I quite admit that I am going somewhat beyond the strict rule, but I thought I might direct the attention of the Government to the fact that they have a duty to discharge in instructing the Commissioners in the proper policy which we have to pursue. So far as the establishment of motor services is concerned, at all events in Ireland, and I believe in Great Britain also, the thing is at an end, or will be at an end, unless the Government take some action to reverse the policy announced by the Development Commissioners. The matter has not been debated in the House before, but I urge the Government, even at the close of the Session—I think it my duty so to do—to look into this matter. I could quote the Chancellor himself, who put this matter in the very forefront of his speech on the Bill.


Before the reply of the right hon. Gentleman the Postmaster-General, I should like to bring forward one small matter that, either he or the Assistant Postmaster-General may be able to give an answer to. I desire to refer to the somewhat anomalous position at present occupied by the staff in the solicitor's office of the General Post Office. I understand that the solicitor is on the establishment of the Post Office and receives a salary for his services. The Treasury pay the solicitor a certain sum, out of which he has to pay the salaries of all the staff, none of whom at the present are on the Post Office establishment. The members of the staff of the solicitor's office complain, not unnaturally, at the position in which they are placed. I believe they have requested the Postmaster-General to receive a deputation in order that they might place before him their position and their grievances. The position of the staff in the solicitor's office is likely to become more anomalous than at present, provided that the transfer takes place from the National Telephone Company to the Post Office.
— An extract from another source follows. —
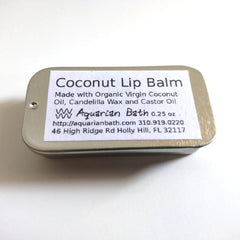 Coconut lip balm in metal tin with white label and Aquarian Bath text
I am given to understand that the solicitor and the solicitor's staff of the National Telephone Company, when transferred to the Postmaster-General's office would then be placed upon the general establishment of the Post Office. Now there are many members of the solicitor's office who have served the Post Office for periods of eight, ten, and twenty years, and it certainly would be extremely unfair if the staff of this new company were placed in a privileged position with prospects of pensions and higher salaries than those who have served so long a time in the Post Office itself. I should very much like to ascertain from the Secretary to the Treasury or from the Assistant Postmaster-General, whether in future the staff of the Telephone solicitor's office will be placed upon the establishment of the Post Office, so as to rank as Civil servants and to receive salaries paid from the Treasury and pensions to which other Civil servants are entitled, and also whether the staff of the Telephone Company will be placed in a superior position to that of the staff at present engaged in the solicitor's office, and to their prejudice. This important question affects the position of a pretty large number of men who have been acting as public servants for a number of years, and I shall be very glad indeed to receive a satisfactory answer as to the positions they will occupy in future after this transfer takes place.